Harness Your Conference Data To Produce Big Insights


Appeasing conference stakeholders has become more complex and difficult in today’s fast changing business climate.

Maintaining and growing share of wallet, attention and loyalty requires intentionality. To out maneuver the conference competition, we have to be nimble, decisive and in constant beta mode.

To compete today requires identifying, selling and leading change. This is a difficult skillset to master. Those meeting professionals that are adept at this core competency will discover huge career dividends.

Big Insights Not Big Data

Change doesn’t happen fast in most organizations.

Leadership is often slow to react without data to support change initiatives. Some leaders are obsessed with big data. Don’t fall into that trap.

It’s not big data that’s important. It’s the insight from that data. And it doesn’t have to be large amounts of data to uncover big insights.

Analyzing your data should lead to big insights that answer big questions that lead to big action.

Four Big Questions For Competitive Intelligence

One big data/insight point that gets the attention of leaders is competitive intelligence.

Studying the business models of other conference products can help support your questions, insights and recommendations. Transparency of information in the association world has dramatically improved. In nearly all cases, you should be able to find these data points easily. These metrics are also helpful for internal benchmarking improvements from year to year.

Here are four big questions — and a few tips — to get you started.

1. Do you have the right registration pricing strategy (aka revenue management)?

Plot your and a competitors’ early, standard, and late prices. Create a graph with the number of days prior to conference start date on the x-axis and full conference member price on the y-axis.

  • Does your pricing strategy include enough instances of urgency?
  • Are the pricing rung increases too high or too low?
  • How can you adjust to drive earlier action/cash flow?
  • Are competitors’ pricing strategies (i.e., group plans) more relevant than yours?

2. How much of your member-value proposition is attributed to the conference?

Create a comparison that shows your competitors’ individual annual membership pricing divided by the difference in the conference rate for non-members and members. The highest percentage may raise a member-value-proposition issue.

3. Are you attracting enough members?

For non-trade membership models, create a comparison that illustrates total conference attendance divided by the total number of members. How does your penetration compare? Are you improving the linkage between the conference and your primary business model?

4. Does your conference business model have good revenue diversification and penetration?

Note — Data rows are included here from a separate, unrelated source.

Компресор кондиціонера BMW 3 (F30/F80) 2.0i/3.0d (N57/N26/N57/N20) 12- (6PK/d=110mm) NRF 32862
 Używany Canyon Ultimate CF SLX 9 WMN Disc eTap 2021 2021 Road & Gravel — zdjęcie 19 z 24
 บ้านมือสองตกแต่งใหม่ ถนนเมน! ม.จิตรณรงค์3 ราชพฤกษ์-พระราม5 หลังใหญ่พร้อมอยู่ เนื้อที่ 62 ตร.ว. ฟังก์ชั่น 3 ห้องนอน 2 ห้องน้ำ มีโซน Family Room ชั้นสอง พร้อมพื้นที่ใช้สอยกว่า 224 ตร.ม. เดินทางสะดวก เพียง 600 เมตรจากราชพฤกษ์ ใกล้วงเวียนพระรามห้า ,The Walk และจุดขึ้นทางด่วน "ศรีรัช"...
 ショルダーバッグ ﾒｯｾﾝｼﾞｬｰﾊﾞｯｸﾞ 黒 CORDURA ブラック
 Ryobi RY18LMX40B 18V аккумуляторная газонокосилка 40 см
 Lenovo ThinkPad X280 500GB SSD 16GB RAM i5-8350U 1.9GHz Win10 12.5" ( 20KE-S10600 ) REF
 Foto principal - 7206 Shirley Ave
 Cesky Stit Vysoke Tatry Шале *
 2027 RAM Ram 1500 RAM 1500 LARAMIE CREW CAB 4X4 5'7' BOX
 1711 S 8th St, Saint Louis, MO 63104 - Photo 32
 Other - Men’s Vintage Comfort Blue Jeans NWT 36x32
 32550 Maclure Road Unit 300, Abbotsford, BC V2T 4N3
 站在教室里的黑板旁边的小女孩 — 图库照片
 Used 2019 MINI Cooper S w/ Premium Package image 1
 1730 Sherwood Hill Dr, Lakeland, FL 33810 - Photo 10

For exhibits, divide the total number of companies by 10. Calculate how much your top 10 percent of investors are contributing vs. the same number of companies for each competitor. Use the 10’ x 10’ base booth cost multiplied by the number of booths purchased.

For sponsorship, focus only on the top investment categories (i.e., platinum and gold sponsorships sold, multiplied by that investment level). The healthiest conferences will have greater investment at these highest levels.

What types of data do you currently collect and evaluate? How do you go about turning data into insights?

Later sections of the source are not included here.